* _Dataset_:
:::::

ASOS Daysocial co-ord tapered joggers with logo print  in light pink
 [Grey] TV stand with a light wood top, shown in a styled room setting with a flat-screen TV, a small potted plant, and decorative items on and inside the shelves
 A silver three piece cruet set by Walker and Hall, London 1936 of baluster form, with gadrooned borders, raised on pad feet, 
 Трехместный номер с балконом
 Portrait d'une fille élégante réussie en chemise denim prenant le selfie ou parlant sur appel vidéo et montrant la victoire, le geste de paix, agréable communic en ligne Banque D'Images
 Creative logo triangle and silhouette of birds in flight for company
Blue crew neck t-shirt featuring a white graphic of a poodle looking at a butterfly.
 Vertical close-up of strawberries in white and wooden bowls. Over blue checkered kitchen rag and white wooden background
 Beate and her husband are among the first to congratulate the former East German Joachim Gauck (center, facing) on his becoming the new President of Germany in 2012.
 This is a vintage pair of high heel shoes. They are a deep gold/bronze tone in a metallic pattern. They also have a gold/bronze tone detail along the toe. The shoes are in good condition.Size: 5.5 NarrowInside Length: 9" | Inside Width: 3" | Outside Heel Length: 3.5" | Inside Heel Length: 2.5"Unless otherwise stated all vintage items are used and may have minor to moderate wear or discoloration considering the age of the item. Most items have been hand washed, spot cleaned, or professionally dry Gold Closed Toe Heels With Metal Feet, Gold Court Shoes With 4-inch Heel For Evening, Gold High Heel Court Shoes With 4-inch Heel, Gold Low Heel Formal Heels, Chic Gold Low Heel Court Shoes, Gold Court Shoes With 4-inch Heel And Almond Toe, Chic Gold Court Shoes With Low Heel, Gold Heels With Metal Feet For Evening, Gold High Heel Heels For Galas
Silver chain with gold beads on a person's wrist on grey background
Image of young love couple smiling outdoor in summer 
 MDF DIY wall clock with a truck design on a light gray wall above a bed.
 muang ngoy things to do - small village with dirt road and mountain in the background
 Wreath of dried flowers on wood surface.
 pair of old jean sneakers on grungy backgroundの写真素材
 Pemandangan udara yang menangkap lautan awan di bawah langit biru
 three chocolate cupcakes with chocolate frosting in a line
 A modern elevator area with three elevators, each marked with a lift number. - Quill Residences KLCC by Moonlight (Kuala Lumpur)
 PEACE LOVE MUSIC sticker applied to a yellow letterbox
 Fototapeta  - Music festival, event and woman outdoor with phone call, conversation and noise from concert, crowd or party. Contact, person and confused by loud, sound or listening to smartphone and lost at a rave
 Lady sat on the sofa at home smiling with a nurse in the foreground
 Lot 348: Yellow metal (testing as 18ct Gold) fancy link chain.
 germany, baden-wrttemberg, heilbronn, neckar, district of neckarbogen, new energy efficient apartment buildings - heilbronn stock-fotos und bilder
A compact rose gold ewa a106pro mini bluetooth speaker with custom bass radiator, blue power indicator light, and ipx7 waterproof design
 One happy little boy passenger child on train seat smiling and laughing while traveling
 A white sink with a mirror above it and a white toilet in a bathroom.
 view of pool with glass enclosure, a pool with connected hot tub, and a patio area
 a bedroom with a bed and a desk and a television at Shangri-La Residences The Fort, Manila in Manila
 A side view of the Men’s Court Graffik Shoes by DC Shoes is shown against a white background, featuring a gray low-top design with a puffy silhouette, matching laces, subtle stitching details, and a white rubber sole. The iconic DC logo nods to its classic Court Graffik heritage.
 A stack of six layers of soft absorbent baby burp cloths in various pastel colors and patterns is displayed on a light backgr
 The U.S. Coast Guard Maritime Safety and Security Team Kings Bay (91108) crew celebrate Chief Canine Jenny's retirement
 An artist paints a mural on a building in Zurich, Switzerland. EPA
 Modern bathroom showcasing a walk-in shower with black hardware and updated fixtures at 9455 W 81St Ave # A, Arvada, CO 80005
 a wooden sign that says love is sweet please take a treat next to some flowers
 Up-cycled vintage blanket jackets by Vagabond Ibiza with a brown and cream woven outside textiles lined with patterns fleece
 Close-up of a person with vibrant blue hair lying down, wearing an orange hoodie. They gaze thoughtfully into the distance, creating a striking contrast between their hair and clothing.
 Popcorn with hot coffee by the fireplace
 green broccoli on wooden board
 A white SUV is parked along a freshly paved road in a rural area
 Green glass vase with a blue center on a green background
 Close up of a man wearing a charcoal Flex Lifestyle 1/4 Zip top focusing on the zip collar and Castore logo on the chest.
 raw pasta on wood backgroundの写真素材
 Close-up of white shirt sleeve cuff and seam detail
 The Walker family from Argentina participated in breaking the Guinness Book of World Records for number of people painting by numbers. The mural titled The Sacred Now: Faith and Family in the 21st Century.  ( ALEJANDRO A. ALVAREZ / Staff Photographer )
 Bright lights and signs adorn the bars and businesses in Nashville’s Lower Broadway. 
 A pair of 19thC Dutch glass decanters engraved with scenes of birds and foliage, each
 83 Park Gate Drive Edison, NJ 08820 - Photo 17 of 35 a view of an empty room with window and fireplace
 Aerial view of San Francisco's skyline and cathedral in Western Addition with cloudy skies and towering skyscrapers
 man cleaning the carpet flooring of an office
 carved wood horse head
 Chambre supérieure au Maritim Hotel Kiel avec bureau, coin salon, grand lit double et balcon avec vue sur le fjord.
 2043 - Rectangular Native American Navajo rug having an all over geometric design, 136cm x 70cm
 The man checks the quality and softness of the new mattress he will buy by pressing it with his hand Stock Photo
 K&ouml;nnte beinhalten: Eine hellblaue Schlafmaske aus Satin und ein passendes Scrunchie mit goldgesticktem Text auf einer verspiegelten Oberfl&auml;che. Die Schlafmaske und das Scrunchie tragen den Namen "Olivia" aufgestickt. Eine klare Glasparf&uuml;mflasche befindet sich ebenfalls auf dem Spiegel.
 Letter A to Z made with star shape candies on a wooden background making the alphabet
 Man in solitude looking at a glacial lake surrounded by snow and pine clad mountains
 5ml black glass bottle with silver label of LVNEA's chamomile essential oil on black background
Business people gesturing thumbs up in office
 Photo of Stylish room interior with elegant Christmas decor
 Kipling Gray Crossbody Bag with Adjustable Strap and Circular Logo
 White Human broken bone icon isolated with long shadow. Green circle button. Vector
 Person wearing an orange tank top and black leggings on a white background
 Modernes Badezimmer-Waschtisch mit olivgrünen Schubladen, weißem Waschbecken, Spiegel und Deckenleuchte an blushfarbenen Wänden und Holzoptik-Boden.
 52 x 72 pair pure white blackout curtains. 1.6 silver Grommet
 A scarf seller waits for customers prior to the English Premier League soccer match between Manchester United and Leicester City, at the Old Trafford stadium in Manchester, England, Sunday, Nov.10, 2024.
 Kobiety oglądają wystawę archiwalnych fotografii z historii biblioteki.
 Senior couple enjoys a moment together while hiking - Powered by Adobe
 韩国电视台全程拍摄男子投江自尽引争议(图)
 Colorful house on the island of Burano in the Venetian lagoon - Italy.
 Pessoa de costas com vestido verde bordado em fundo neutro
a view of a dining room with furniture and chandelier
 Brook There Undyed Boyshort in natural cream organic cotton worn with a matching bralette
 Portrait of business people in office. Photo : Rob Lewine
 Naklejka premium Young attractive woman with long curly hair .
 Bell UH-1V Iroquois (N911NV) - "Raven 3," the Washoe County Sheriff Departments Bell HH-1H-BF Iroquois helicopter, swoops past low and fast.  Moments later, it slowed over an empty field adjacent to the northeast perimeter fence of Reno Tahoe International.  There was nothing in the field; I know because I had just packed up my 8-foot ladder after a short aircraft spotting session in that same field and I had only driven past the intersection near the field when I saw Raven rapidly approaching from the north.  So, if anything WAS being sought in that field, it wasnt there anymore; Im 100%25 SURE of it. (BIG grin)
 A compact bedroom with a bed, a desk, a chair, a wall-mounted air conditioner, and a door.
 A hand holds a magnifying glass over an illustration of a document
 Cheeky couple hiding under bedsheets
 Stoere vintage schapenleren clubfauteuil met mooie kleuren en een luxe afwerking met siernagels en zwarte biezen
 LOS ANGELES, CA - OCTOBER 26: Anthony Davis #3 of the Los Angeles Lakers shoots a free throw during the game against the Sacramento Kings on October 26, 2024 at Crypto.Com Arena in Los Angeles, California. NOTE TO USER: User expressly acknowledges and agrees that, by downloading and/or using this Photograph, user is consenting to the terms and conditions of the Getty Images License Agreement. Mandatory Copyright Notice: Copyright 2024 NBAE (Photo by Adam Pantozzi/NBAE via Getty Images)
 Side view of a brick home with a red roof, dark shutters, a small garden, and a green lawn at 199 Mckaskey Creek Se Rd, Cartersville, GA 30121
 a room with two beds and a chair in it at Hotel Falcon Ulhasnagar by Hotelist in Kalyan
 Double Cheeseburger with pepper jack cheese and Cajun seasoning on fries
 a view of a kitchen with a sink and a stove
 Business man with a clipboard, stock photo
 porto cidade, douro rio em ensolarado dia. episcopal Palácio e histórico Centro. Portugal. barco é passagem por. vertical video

:::::

* _Task details_:
Send back an exact copy of only the lines from the line with "韩国电视台全程拍摄男子投江自尽引争议(图)" up to and including the line with "A compact bedroom" in the data above.

* _Expected answer_:
 韩国电视台全程拍摄男子投江自尽引争议(图)
 Colorful house on the island of Burano in the Venetian lagoon - Italy.
 Pessoa de costas com vestido verde bordado em fundo neutro
a view of a dining room with furniture and chandelier
 Brook There Undyed Boyshort in natural cream organic cotton worn with a matching bralette
 Portrait of business people in office. Photo : Rob Lewine
 Naklejka premium Young attractive woman with long curly hair .
 Bell UH-1V Iroquois (N911NV) - "Raven 3," the Washoe County Sheriff Departments Bell HH-1H-BF Iroquois helicopter, swoops past low and fast.  Moments later, it slowed over an empty field adjacent to the northeast perimeter fence of Reno Tahoe International.  There was nothing in the field; I know because I had just packed up my 8-foot ladder after a short aircraft spotting session in that same field and I had only driven past the intersection near the field when I saw Raven rapidly approaching from the north.  So, if anything WAS being sought in that field, it wasnt there anymore; Im 100%25 SURE of it. (BIG grin)
 A compact bedroom with a bed, a desk, a chair, a wall-mounted air conditioner, and a door.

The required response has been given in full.